Fabian Holzer und Sam Magee

Fabian Holzer und Sam Magee

„Das war nun wirklich nicht unser Abend“. Diese Aussage der beiden Coaches Daniel Winkelmann und Heinz Kelzenberg fasst die Auswärtspartie am Dienstagabend in Düren kurz und prägnant zusammen.

Obwohl bis auf Carla Nelte und Fabian Roth bestens aufgestellt, lief beim TV Refrath gegen den Ligakonkurrenten aus der unteren Tabellenhälfte nicht viel zusammen. Heinz Kelzenberg: „Jeder von uns wusste, dass wir ein schweres Spiel vor uns haben, aber dass wir es verlieren, damit hatte niemand gerechnet“. Bereits in den beiden Auftaktpartien fiel eine Art Vorentscheidung, als die erneut großartig kämpfenden aber letztlich glücklosen Sam Magee und Fabian Holzer eine 18:14-Führung im Entscheidungssatz verspielten und auch ihren Matchball nicht zu nutzen wussten.

Parallel startete Chloe Magee gegen die Russin Slobodyanyuk souverän, gewann den ersten Satz relativ mühelos, bevor die Russin sehr schnelles und vor allem fehlerloses Badminton spielte. „Irgendwann war der Rückstand zu groß und Chloe lief nur noch hinterher“, lautete das Fazit von Coach Kelzenberg, der nach dem 0:2 Rückstand trotz des anschließenden geschenkten Damendoppels – Düren musste zwei Damen aus der 8.Liga einsetzen – wenig optimistisch war: „Es war zu diesem Zeitpunkt schwer vorstellbar, dass nun alles glatt läuft“.

Die für Erstligaverhältnisse spärliche Kulisse von 65 Zuschauern in der Dürener Halle erwies sich auch in den folgenden Spielen als lautstark und motivierte die Heimmannschaft zu sehr guten Leistungen. Kelzenberg: „In Düren zu spielen ist schon etwas Besonderes.

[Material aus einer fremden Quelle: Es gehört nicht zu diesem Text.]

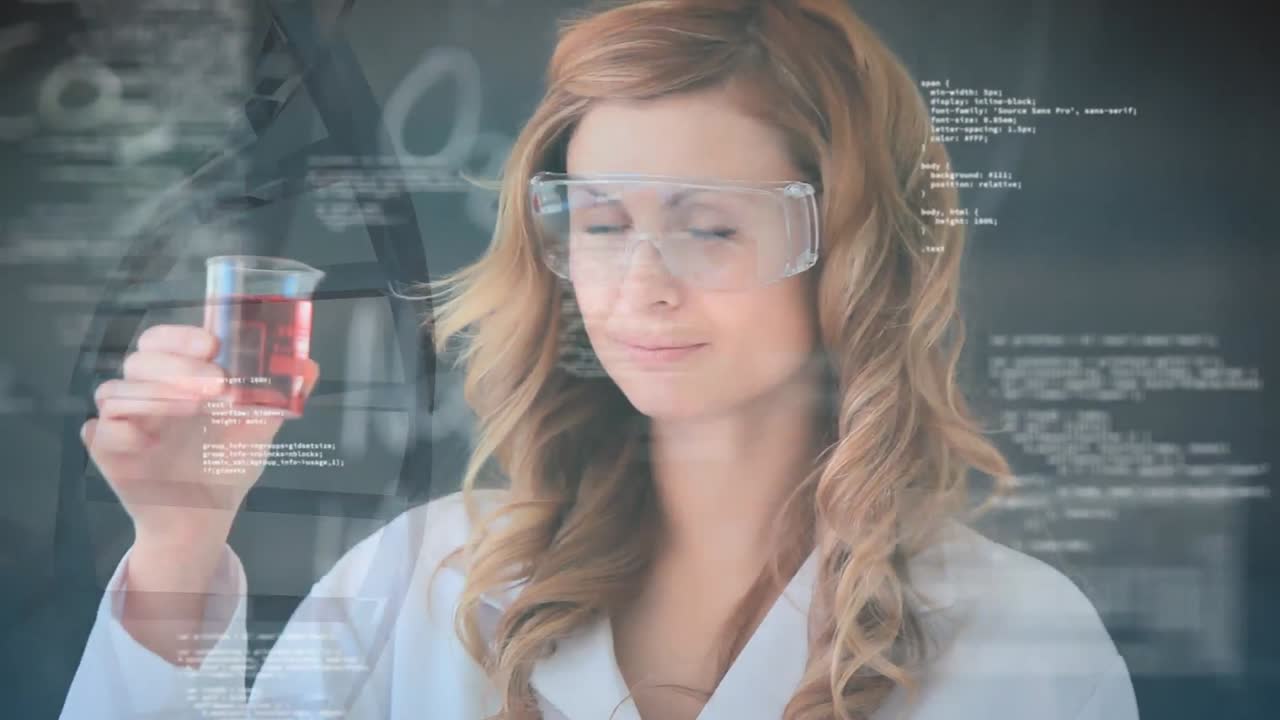 científico que examina un producto químico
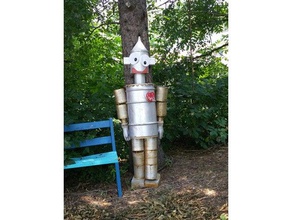 barril hombre de hojalata los ojos al aire libre jardín efigie estatua humana el 3d print model - Mito3D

Da sitzt selbst der Teammanager brüllend an der Zähltafel und trinkt zwischendurch Bier. Das hat seinen eigenen Charme“.

Der Österreicher Obernosterer revanchierte sich im Anschluss im 1. Einzel für die im Hinspiel erlittene Niederlage gegen Richard Domke. Dieser gab dann in der Mitte des zweiten Satzes mit Rückenproblemen auf. Ein mögliches Unentschieden vor Augen spielten Magee/Magee ein sehr souveränes Mixed und letztlich lag die Verantwortung auf Lars Schänzler, der gegen Kai Schäfer erneut ein gutes Spiel machte, jedoch in zwei Sätzen verlor.

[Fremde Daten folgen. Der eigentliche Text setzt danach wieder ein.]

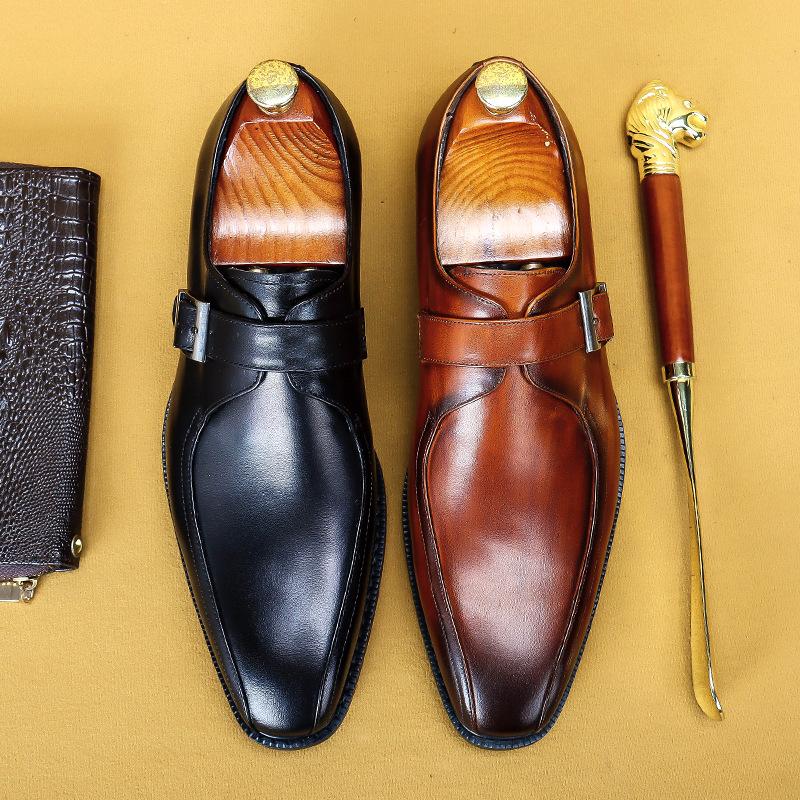 Genuine Leather Casual Pointed Toe Buckle Formak Shoes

„Die 2:4 Niederlage schmerzt natürlich, weil unser Polster nun etwas geschmolzen ist“, so Kelzenberg, der jedoch optimistisch ist, die Verfolger aus Mülheim und Beuel auf Distanz halten zu können. Bereits am für den TVR spielfreien kommenden Samstag spielen beide Verfolger gegeneinander und im Anschluss dürfen dann konkrete Rechenspiele angestellt werden. Das Restprogramm für den TV Refrath beginnt mit dem Heimspiel gegen Bischmisheim, gefolgt vom finalen Doppelspieltag gegen Neuhausen und in Mülheim. Die Ausgangsposition, um den 3. Platz zu erreichen ist etwas schlechter geworden, aber immer noch gut.